A BMW começou como fabricante de motores aeronáuticos. Seu símbolo, o círculo dividido nas cores azul e branca, remete a uma hélice em movimento. Muitos dos aviões alemães usados na Primeira Guerra Mundial usavam seus excelentes motores radiais refrigerados a ar. Porém, com a derrota alemã, o Tratado de Versalhes impôs à Alemanha a proibição de fabricar artefatos de guerra. O avião estava entre eles e com isso a BMW se viu numa enrascada. Passou a produzir motores estacionários. Um deles, um motor boxer de dois cilindros, veio a equipar a motocicleta da fabricante Victoria. A congênere Helios fez o mesmo, e logo em seguida se associou à BMW. Em seguida à fusão, o diretor geral da BMW, Franz Josef Popp, pediu ao diretor de Projetos, Max Friz — que antes da guerra trabalhara na Mercedes e durante o conflito fora responsável pelos motores aeronáuticos da BMW —, que estudasse a moto da Helios. A conclusão de Friz foi bem bávara, direta, que o melhor a fazer seria jogar a moto no lago mais próximo.
O mais condenável na Helios, segundo Friz, era a disposição transversal do motor boxer, que acarretava má refrigeração do segundo cilindro, o que ia atrás. Decidiram começar tudo do zero. Fabricar uma moto excelente seria uma boa propaganda para a qualidade dos motores BMW. E assim nasceu a R32 em 1923, a primeira motocicleta BMW, já com a disposição básica que ainda perdura em muitas motos da marca: motor bicilíndrico boxer disposto longitudinalmente e transmissão por cardã. Assim os dois cilindros ficam igualmente expostos ao fluxo de ar. Toda BMW com essa configuração é designada pela fábrica como Série R.
Mesmo a R32 tendo sido lançada em um período economicamente sombrio da Alemanha, com a hiperinflação, ela foi um sucesso. Dei essa volta toda para explicar o porquê do nome de batismo desta R nine T, que considero uma das mais lindas motos já feitas. Mas ainda falta uma coisinha que gostaria de contar: o Dr. Friz tinha muita razão ao estabelecer as linhas básicas da moto, e isso ficou provado na II Guerra, quando o motor das BMW suportou o calor infernal do norte da África. As outras sobreaqueciam e ela, não. O fato da transmissão final ser feita por cardã também fez diferença nessa campanha, já que a abrasiva areia do deserto logo “comia” corrente, coroa e pinhão das outras. Depois da guerra o governo americano mandou que a Harley-Davidson fabricasse algumas cópias da BMW para o seu exército. A Harley fez mil delas.

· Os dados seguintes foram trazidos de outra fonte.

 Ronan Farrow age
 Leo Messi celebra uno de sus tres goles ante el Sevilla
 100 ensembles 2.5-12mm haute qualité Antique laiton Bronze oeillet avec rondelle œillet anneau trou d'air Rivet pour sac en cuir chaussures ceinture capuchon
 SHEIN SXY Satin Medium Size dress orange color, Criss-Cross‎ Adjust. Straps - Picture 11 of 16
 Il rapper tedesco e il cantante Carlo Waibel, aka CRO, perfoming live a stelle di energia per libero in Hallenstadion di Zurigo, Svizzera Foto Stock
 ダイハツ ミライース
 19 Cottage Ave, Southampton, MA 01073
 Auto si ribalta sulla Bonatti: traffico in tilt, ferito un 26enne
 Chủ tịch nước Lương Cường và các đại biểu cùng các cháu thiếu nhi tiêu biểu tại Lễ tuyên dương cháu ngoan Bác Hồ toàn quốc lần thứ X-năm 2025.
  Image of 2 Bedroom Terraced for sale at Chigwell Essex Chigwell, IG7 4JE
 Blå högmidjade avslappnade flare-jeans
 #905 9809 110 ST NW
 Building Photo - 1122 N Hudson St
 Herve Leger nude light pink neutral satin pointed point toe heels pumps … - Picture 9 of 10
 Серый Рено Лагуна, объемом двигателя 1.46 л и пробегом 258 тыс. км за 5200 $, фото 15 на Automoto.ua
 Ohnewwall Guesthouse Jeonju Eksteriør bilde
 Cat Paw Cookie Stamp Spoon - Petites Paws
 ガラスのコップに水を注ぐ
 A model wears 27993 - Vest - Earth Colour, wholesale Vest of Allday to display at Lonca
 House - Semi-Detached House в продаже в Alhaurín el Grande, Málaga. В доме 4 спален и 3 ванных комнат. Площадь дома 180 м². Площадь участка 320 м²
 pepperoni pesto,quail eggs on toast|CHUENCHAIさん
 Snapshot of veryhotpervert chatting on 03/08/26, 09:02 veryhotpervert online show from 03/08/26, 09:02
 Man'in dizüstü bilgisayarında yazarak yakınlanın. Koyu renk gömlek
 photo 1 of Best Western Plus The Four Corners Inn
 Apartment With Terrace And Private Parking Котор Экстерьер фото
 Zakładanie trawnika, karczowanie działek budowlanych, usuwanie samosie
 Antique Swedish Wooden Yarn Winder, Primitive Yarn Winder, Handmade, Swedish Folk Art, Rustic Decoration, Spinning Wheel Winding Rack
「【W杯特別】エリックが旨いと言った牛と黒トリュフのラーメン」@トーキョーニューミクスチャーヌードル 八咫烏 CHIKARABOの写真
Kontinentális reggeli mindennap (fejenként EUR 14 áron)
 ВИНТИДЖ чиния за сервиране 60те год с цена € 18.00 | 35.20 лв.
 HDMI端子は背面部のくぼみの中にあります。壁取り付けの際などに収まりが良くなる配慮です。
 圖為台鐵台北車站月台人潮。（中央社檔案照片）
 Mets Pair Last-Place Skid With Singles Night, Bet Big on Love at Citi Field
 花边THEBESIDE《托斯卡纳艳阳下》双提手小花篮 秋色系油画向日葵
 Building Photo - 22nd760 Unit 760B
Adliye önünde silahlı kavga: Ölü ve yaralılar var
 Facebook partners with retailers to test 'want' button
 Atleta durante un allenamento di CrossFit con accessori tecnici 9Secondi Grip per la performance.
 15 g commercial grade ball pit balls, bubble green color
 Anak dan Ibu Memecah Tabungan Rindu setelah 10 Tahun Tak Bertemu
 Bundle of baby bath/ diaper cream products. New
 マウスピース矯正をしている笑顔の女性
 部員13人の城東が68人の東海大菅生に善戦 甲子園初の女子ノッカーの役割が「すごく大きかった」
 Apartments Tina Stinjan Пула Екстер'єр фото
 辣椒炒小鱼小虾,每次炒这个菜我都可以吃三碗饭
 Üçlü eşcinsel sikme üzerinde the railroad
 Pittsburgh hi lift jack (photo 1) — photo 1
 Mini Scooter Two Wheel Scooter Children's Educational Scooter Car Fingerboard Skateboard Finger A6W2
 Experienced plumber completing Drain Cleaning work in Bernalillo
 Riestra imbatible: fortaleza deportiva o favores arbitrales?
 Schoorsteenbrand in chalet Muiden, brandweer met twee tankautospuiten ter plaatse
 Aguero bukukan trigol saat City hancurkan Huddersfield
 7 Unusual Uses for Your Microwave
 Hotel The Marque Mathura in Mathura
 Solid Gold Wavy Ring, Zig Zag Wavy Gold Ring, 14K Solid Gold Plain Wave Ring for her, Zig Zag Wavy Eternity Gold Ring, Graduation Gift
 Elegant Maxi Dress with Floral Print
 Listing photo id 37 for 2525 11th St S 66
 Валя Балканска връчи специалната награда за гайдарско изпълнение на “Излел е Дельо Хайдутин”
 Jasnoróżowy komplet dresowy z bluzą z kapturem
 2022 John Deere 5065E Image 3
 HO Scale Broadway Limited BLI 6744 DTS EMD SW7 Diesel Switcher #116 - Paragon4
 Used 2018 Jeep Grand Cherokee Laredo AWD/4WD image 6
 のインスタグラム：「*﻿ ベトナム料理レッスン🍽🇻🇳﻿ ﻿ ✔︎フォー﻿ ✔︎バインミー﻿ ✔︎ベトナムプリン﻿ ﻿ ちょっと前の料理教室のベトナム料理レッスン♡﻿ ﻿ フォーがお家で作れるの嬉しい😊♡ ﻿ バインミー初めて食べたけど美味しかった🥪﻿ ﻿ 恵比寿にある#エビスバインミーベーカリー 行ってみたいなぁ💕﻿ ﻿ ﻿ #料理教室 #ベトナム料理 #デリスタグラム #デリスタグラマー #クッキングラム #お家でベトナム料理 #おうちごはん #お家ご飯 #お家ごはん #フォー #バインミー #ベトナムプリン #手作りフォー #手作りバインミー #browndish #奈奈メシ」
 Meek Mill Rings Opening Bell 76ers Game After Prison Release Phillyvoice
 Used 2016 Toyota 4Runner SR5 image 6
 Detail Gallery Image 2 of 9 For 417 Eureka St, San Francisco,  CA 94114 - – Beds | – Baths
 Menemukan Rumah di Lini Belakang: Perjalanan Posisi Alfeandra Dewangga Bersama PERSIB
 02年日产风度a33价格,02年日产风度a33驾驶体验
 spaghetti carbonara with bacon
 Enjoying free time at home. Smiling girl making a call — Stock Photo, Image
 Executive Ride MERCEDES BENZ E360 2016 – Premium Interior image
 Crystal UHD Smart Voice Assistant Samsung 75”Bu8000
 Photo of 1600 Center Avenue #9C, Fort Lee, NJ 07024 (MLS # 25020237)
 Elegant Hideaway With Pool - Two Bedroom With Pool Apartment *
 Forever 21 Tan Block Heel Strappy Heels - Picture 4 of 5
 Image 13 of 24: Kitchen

Os Corvette têm motor V-8 dianteiro, as Harley têm motor V-2 transversal, os 911 têm motor 6-ciindros boxer “de popa” e as motos BMW têm motor 2-cilindros boxer longitudinal. Essas são as disposições clássicas dessas marcas, as que de imediato associamos a elas. Esta R nine T, a meu ver, já nasceu como uma moto clássica; linda e boa .
A cilindrada é de 1.170 cm³, quase 600 cm³ por cilindro. Motor pesado, porém baixo, o que dá à moto um centro de gravidade baixo. Ela é sólida, plantada no chão. Sendo de grande cilindrada e instalado na longitudinal, a reação normal que todo motor tem ao torque, especialmente nas aceleradas mais fortes e repentinas, passa para a moto, levando a incliná-la para a direita. O leitor na certa já viu as osciladas que um motor V-8 ou 6-cilindros de grande cilindrada dá nessas circunstâncias, que chegam a fazer o carro mexer lateralmente. Como na maioria das motos o motor é transversal, essa reação é pouco ou nada percebida e, principalmente, não ocasiona mudança na inclinação. Já numa BMW Série R sentimos esse efeito de maneira bem pronunciada.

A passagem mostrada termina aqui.